To do
Every entry should be returned unchanged, with the pictures omitted.

(Collection entries)
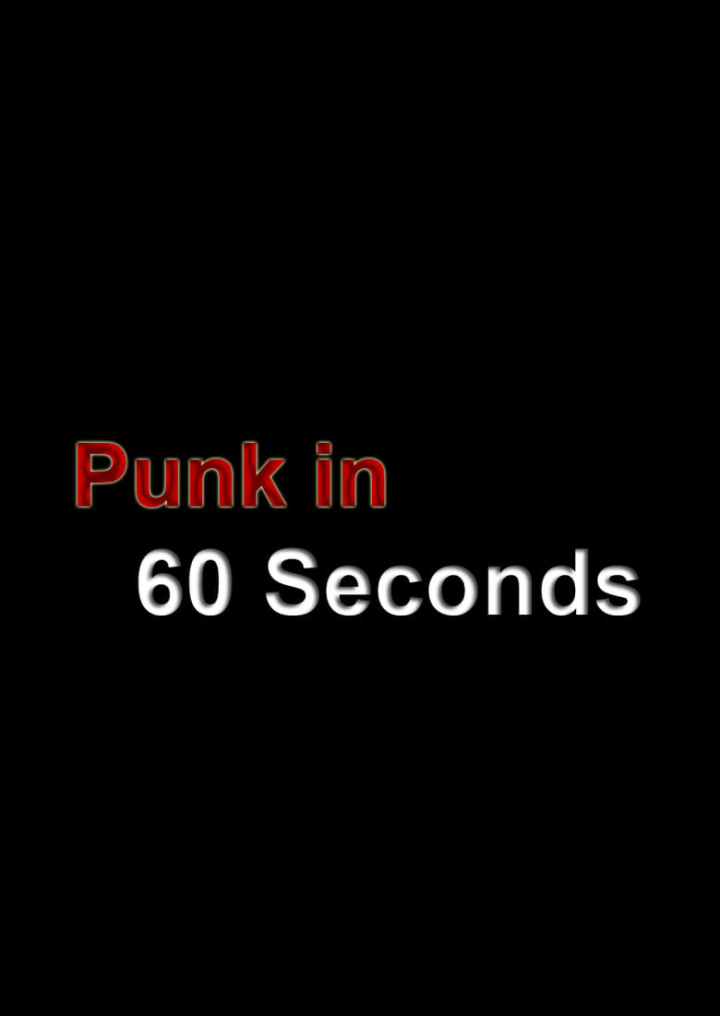 Punk in 60 Seconds i gruppen Alla filmer / Documentary hos Mohamad shop (578760)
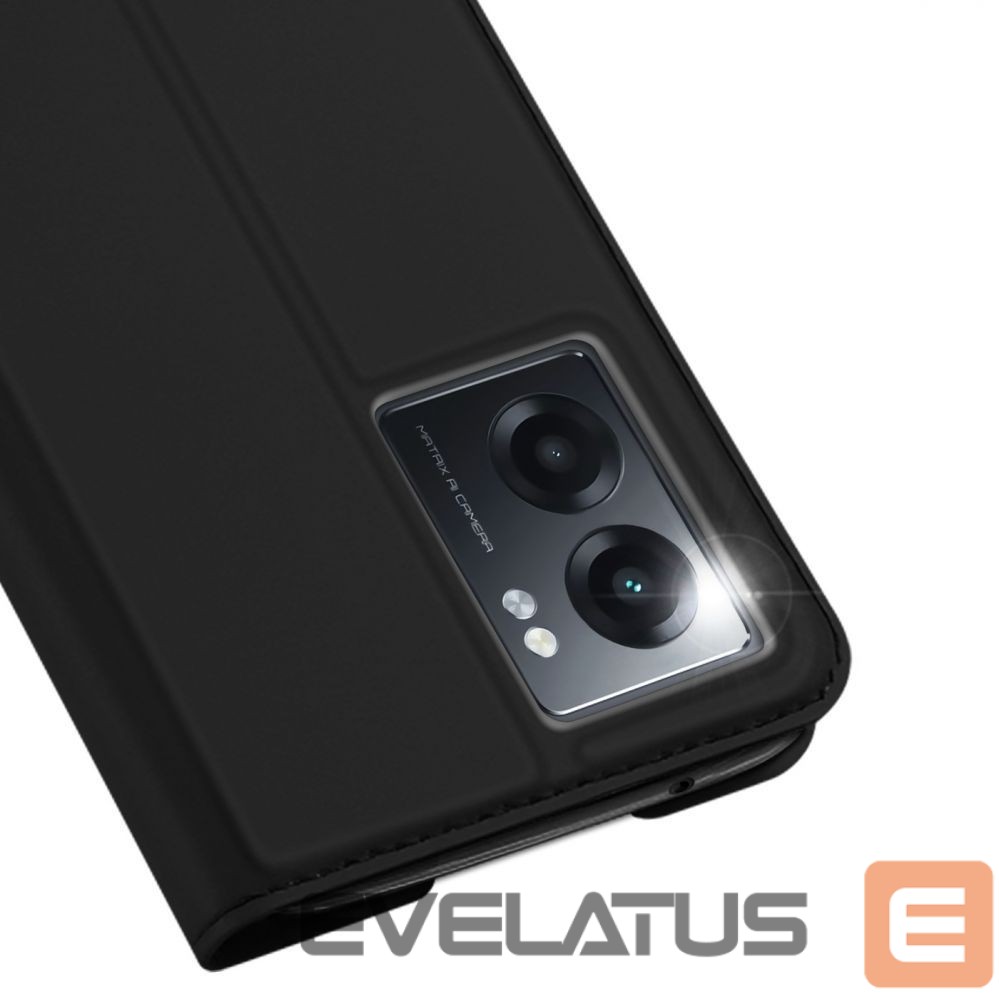 Nugarėlės dėklai Dux Ducis Dux Ducis Skin Pro Holster Cover with Flap Realme Narzo 50A black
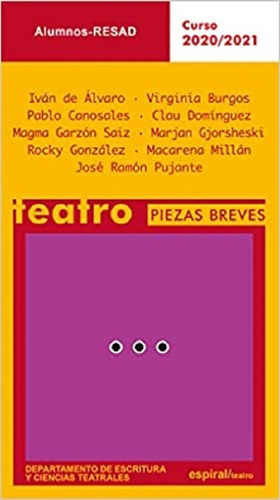 Teatro. Piezas Breves - De Álvaro, Iván; Burgos- *
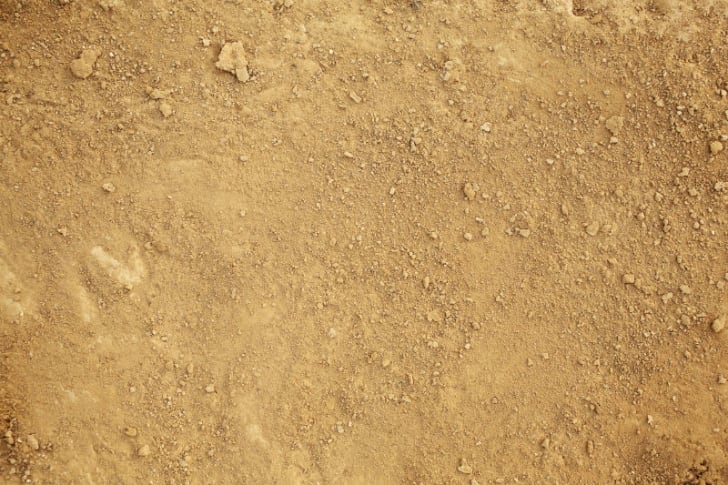 A dusty surface is pictured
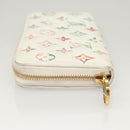 LOUIS VUITTON Monogram Garden Zippy Wallet White M81694 LV Auth 121163-5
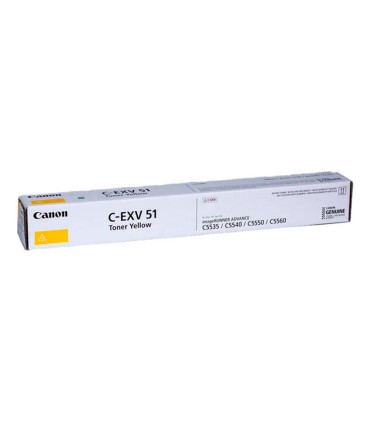 Toner canon exv51 ir c5335 c5540 c55000 amarillo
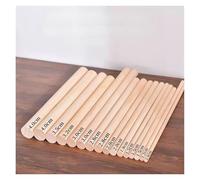 Palos De Madera Wooden Bamboo Round Sticks 3/4/5/6/8-50mm DIY Craft Making Wood Dowels For Model Building Food Ice Lollies Supplies Length 300mm(10mm 1pcs color 23)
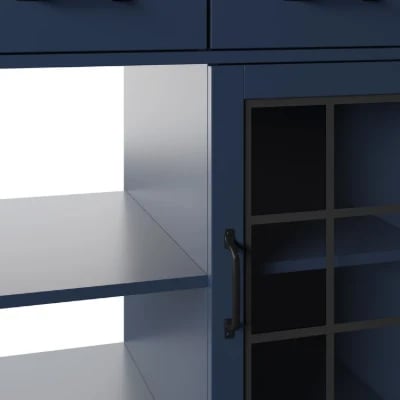 Plippi Wood Rolling Kitchen Cart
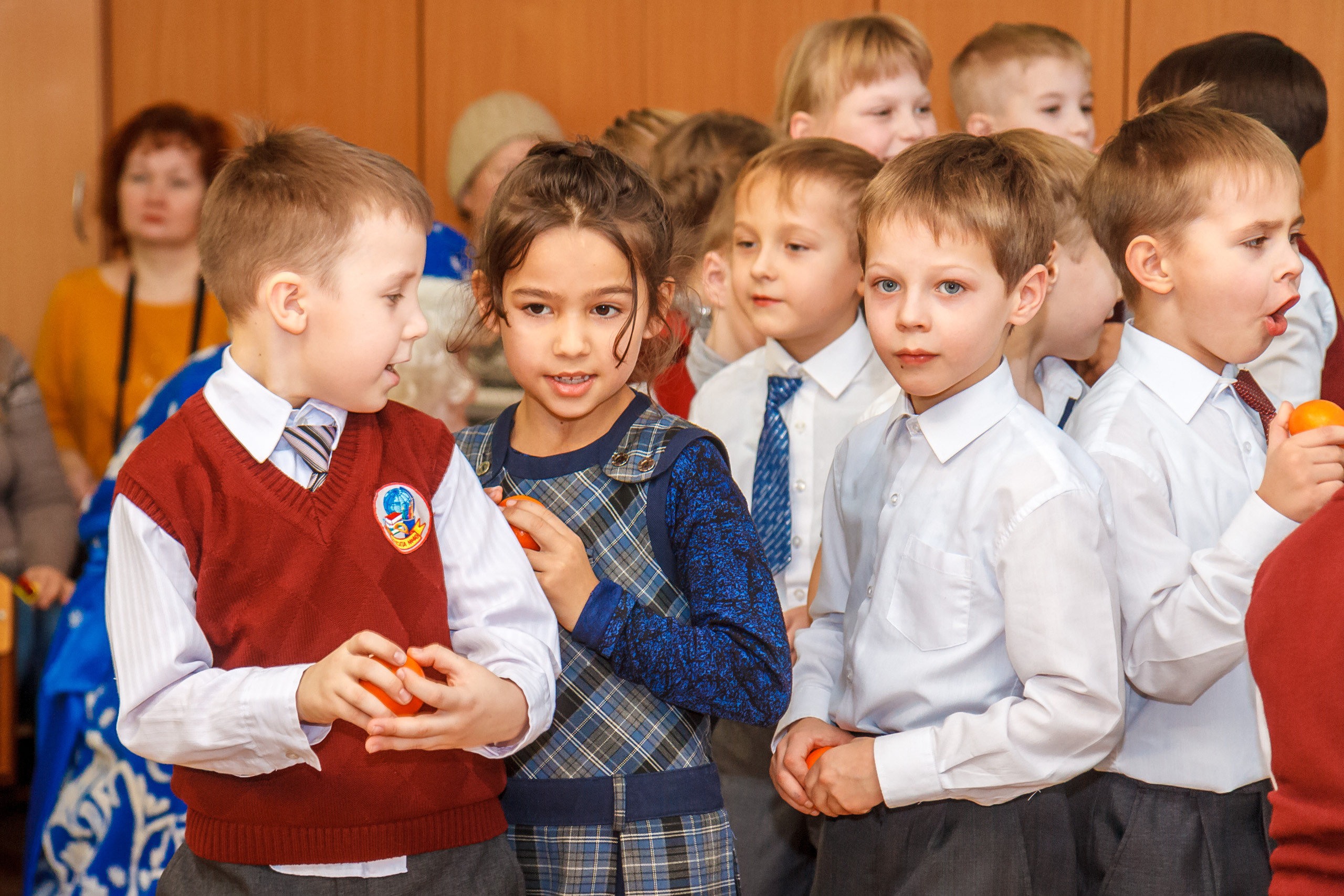 Новогодний праздник в классе. Фотографиня Мария Дикова
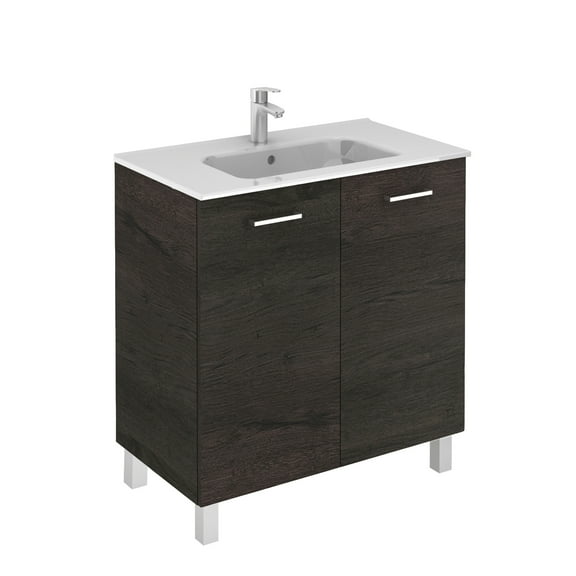 Ws Bath Collections Logic 80 Set Logic Vanities 31-1/2" Free Standing Single Basin Vanity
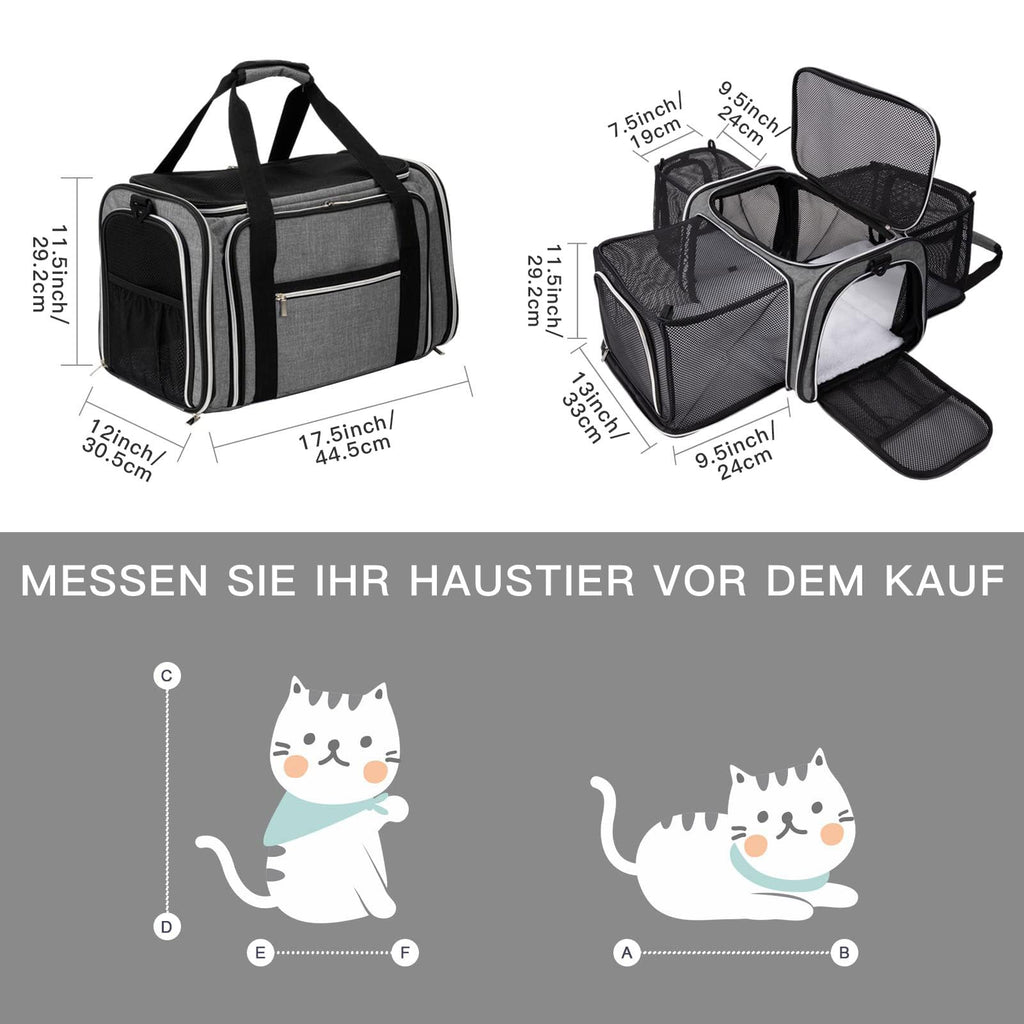 Airline Approved Soft Side Pet Carrier with Fleece Pad Z7404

Problem solution
 Punk in 60 Seconds i gruppen Alla filmer / Documentary hos Mohamad shop (578760)
 Nugarėlės dėklai Dux Ducis Dux Ducis Skin Pro Holster Cover with Flap Realme Narzo 50A black
 Teatro. Piezas Breves - De Álvaro, Iván; Burgos- *
 A dusty surface is pictured
 LOUIS VUITTON Monogram Garden Zippy Wallet White M81694 LV Auth 121163-5
 Toner canon exv51 ir c5335 c5540 c55000 amarillo
 Palos De Madera Wooden Bamboo Round Sticks 3/4/5/6/8-50mm DIY Craft Making Wood Dowels For Model Building Food Ice Lollies Supplies Length 300mm(10mm 1pcs color 23)
 Plippi Wood Rolling Kitchen Cart
 Новогодний праздник в классе. Фотографиня Мария Дикова
 Ws Bath Collections Logic 80 Set Logic Vanities 31-1/2" Free Standing Single Basin Vanity
 Airline Approved Soft Side Pet Carrier with Fleece Pad Z7404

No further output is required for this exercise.